#### [TRY IT]
Down to the last line, set down the material below exactly; skip the pictures.

#### [INFORMATION SHOWN]
^^^^^^^^^^^^^^^^
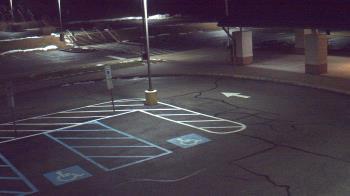 Weather camera view of West Vincent ES.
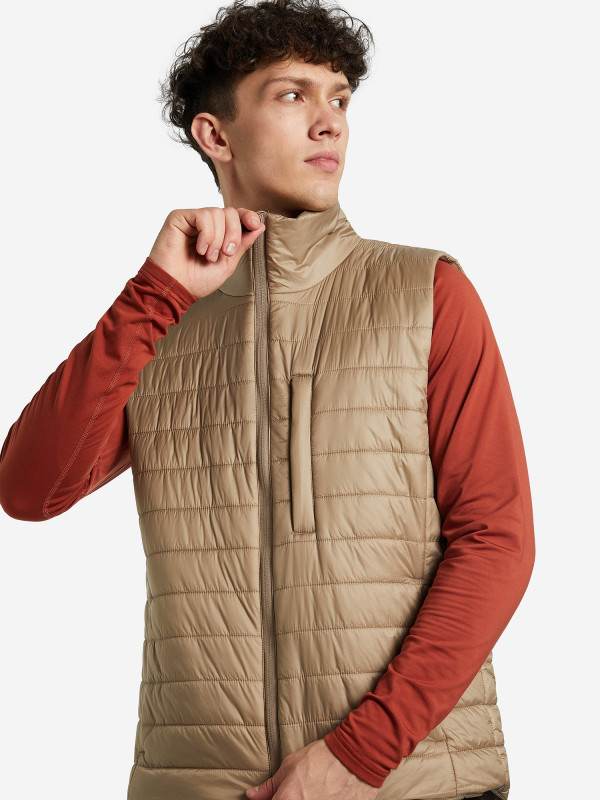 Жилет утепленный мужской Merrell Жилет утепленный мужской Merrell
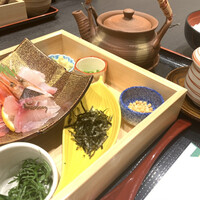 海鮮処松月亭 博多本店 - 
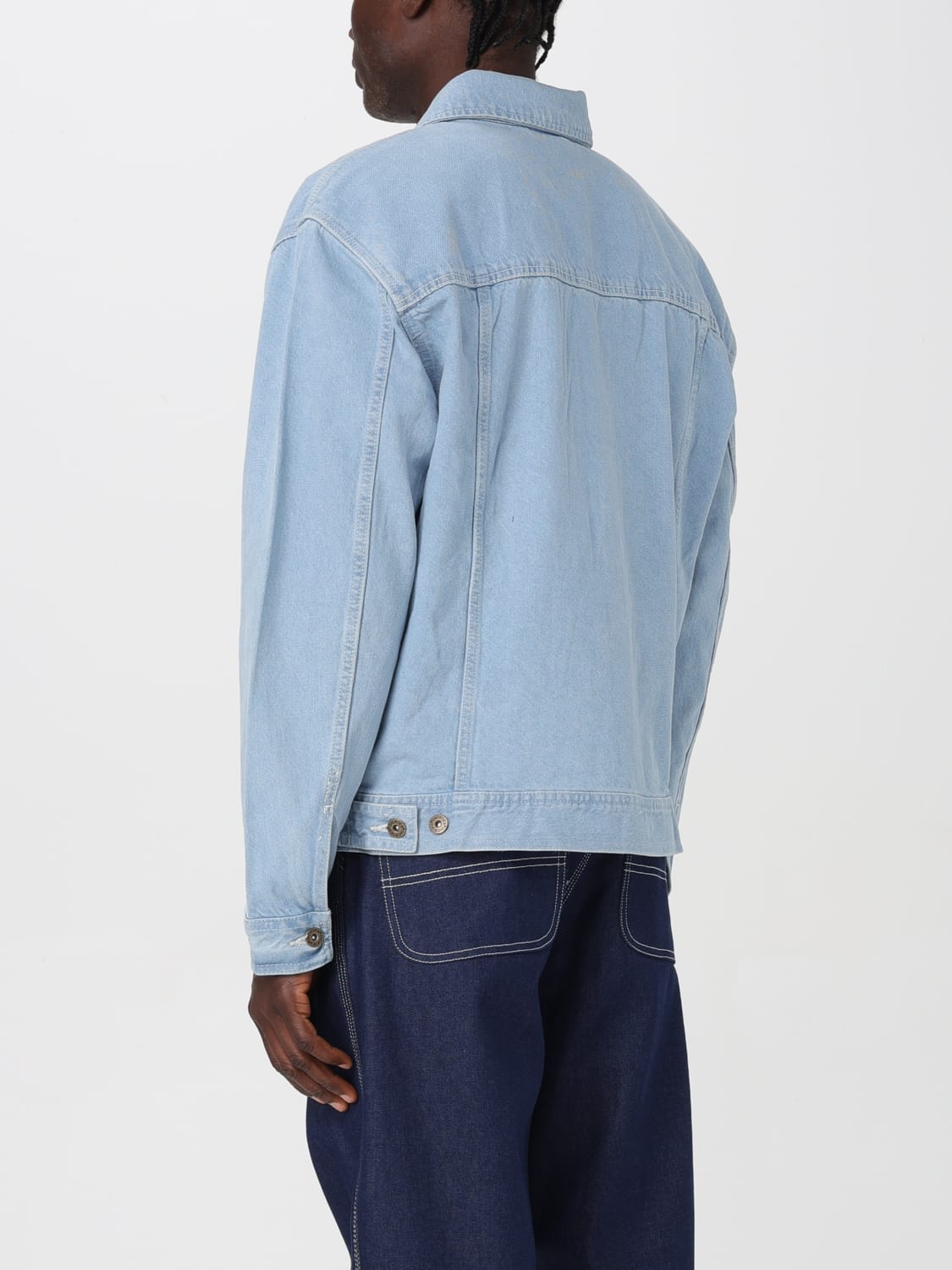 DICKIES JACKE: Jacke herren Dickies, Navy - Img 2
^^^^^^^^^^^^^^^^
#### [TASK RESULT]
 Weather camera view of West Vincent ES.
 Жилет утепленный мужской Merrell Жилет утепленный мужской Merrell
 海鮮処松月亭 博多本店 - 
 DICKIES JACKE: Jacke herren Dickies, Navy - Img 2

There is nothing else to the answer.